Ausgabe 03/2015

Wein als USP

Meiningers Sommelier 03/2015

Entspanntes Ambiente, einfach gutes Essen, geile Weinauswahl. „Wie viele solcher Läden gibt es in Deutschland?“ Diese Frage stellte Sebastian Georgi bei meinem Besuch und trifft damit einen Nerv. Er meint nicht die besternten Gourmetadressen. Von denen gibt es in Deutschland derzeit bekanntlich mehr als je zuvor. Manch einer unkt bereits, angesichts der Probleme vieler dieser Restaurants, auf die gewünschte Auslastung zu kommen, zu viele.

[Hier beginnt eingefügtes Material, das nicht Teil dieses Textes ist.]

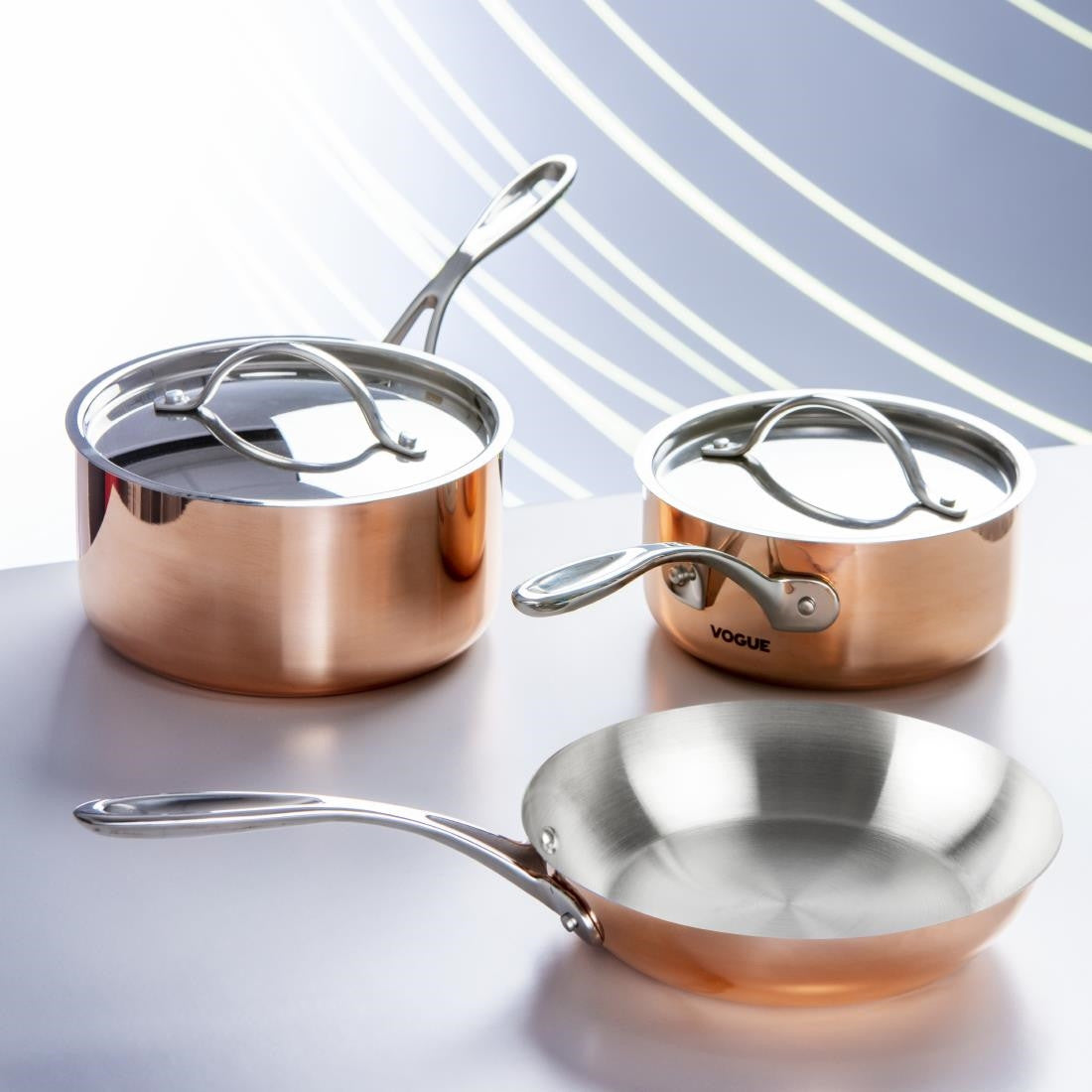 Vogue Cook Like A Pro 3-Piece Tri-Wall Copper Cookware Set SA655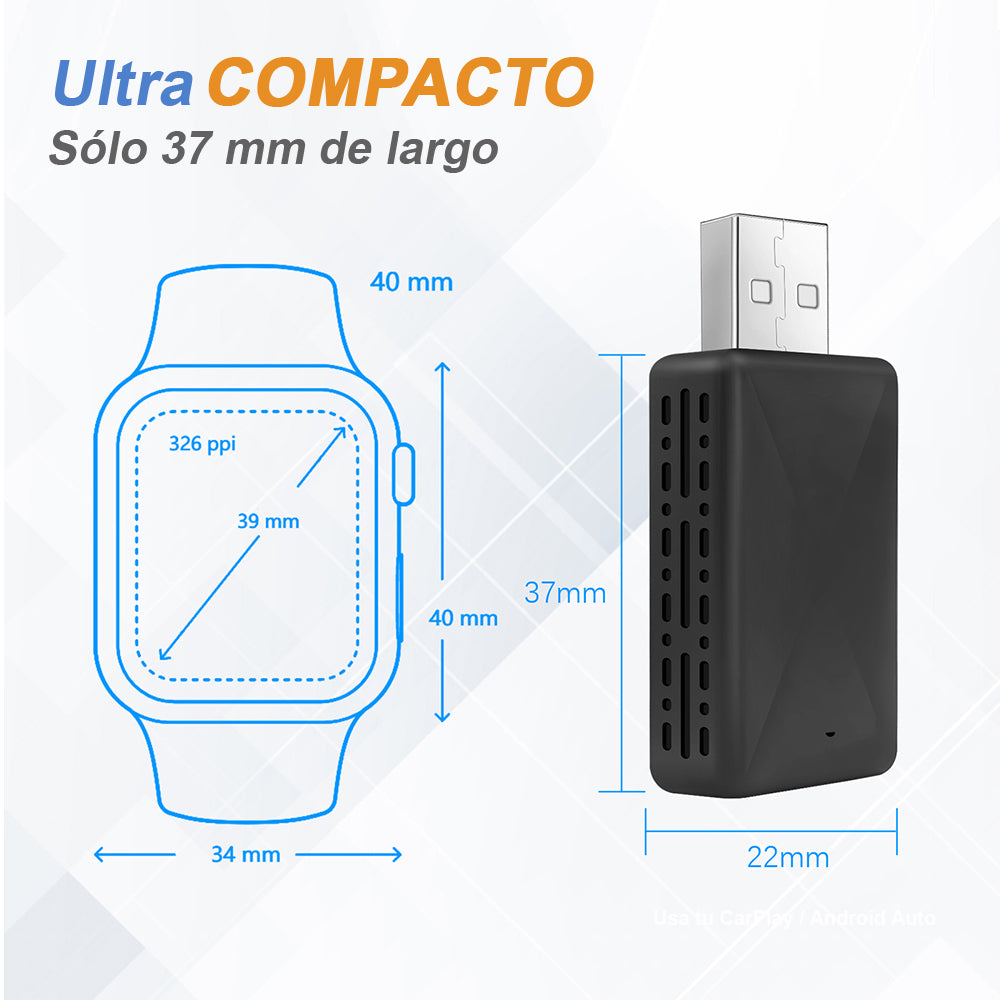Carplay Inalambrico Adaptador mini 2 en 1 - Para radio auto Iphone Android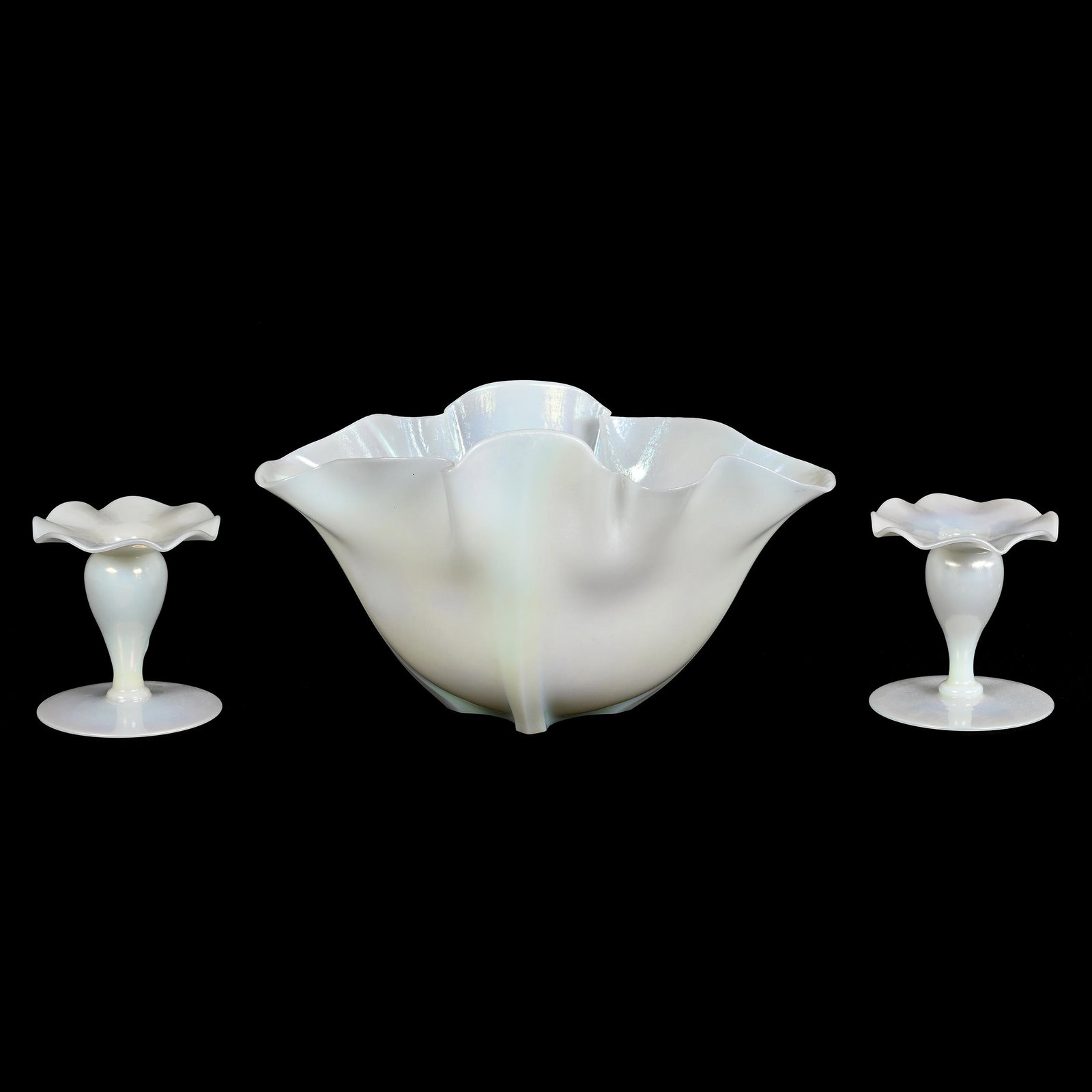 Console Set, Unmarked Steuben Ivorine Art Glass (1 of 3)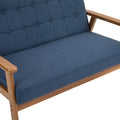 Coolmore Mid Century Modern Solid Loveseat Sofa Upholstered Linen Loveseat, 2 Seat Upholstered Loveseat Sofa Modern Couch Navy Linen 2 Seat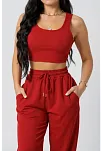 Kadın Kırmızı Kaşkorse Cepli Jogger Eşofman Altı Ve Crop Top Bluz – Şık, Rahat Ve Kolay Kombinlenebilir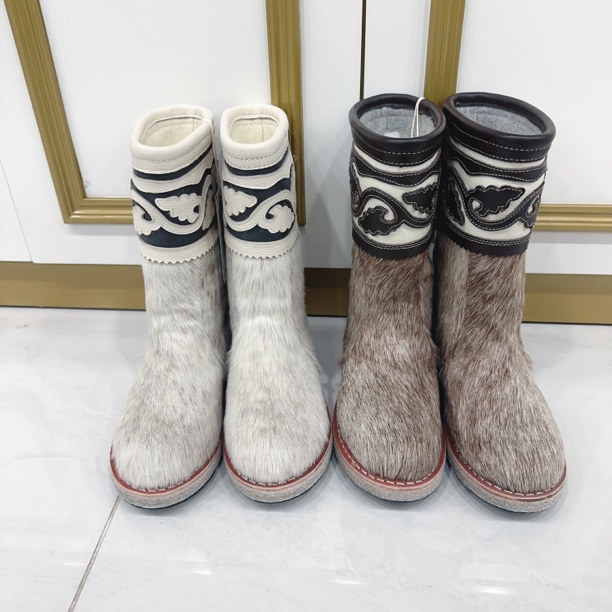 210-34女款冬季中筒名族花马毛靴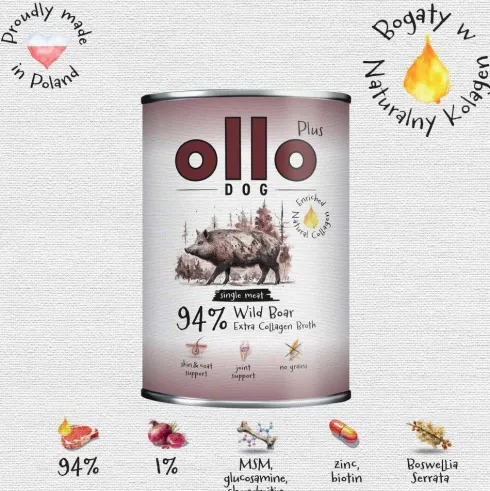 Ollo Plus Kolagen Wild Boar Mokra Karma dla psa op. 800g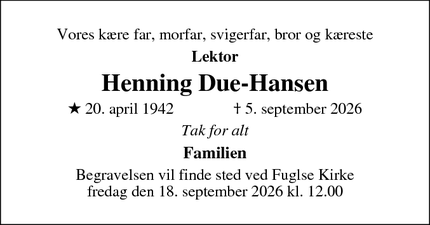 Dødsannoncen for Henning Due-Hansen - Kastrup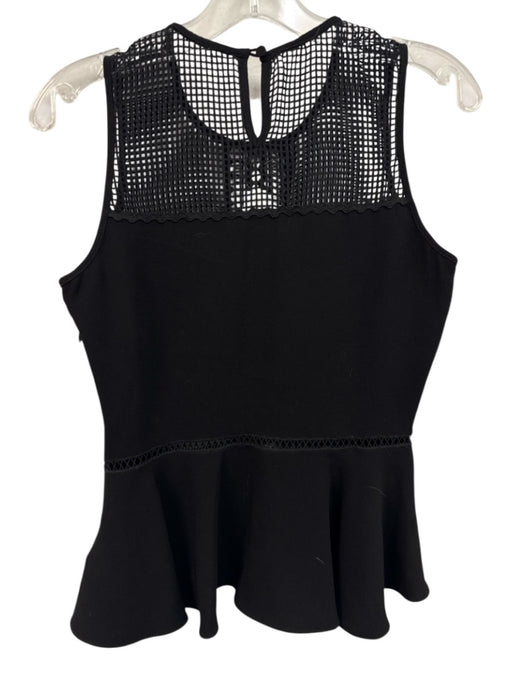 Jonathan Simkhai Size S Black Acrylic Blend Crochet Lace Sleeveless Peplum Top Black / S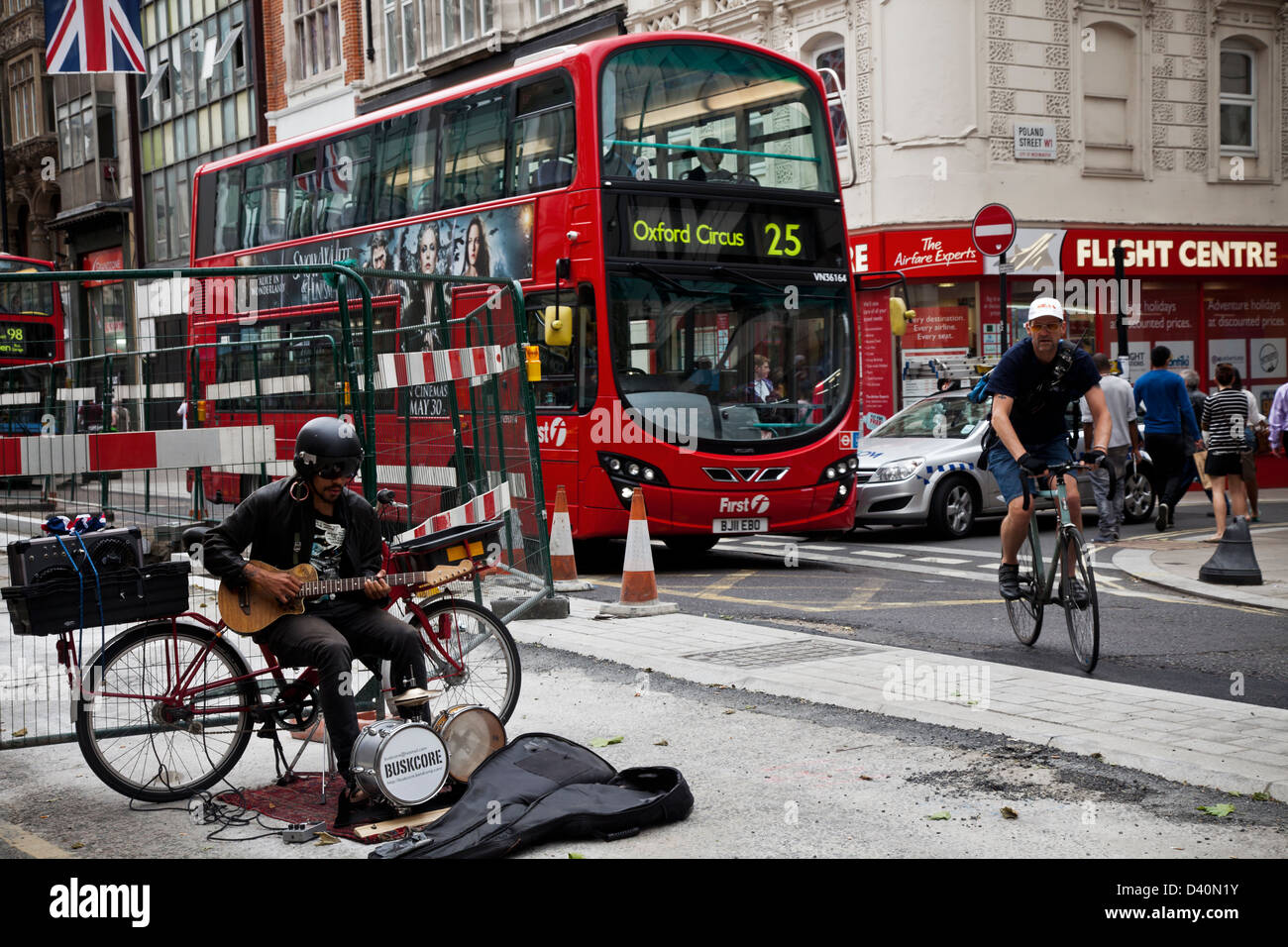 Busker on London street Stock Photo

Irgendwie weigere ich mich, dem zuzustimmen. In Paris, San Sebastian, Barcelona, Tokyo und Mailand funktioniert das ja schließlich auch. Selbst in London, und der Engländer als solcher ist kulinarisch ja auch nicht viel kultivierter als der Deutsche. Natürlich ist hierzulande die Bereitschaft, gutes Geld für richtig gutes Essen auszugeben, begrenzt. Leider. Darum hat Georgi recht: Mit gutem, aber einfachem und darum nicht zu teurem Essen lassen sich die Lokale füllen. Dazu dann eine richtig spannende Weinauswahl, bei Pizza, Burger, Pasta und Co. bleibt vom Budget ja noch etwas Manövriermasse frei, und der USP ist besetzt.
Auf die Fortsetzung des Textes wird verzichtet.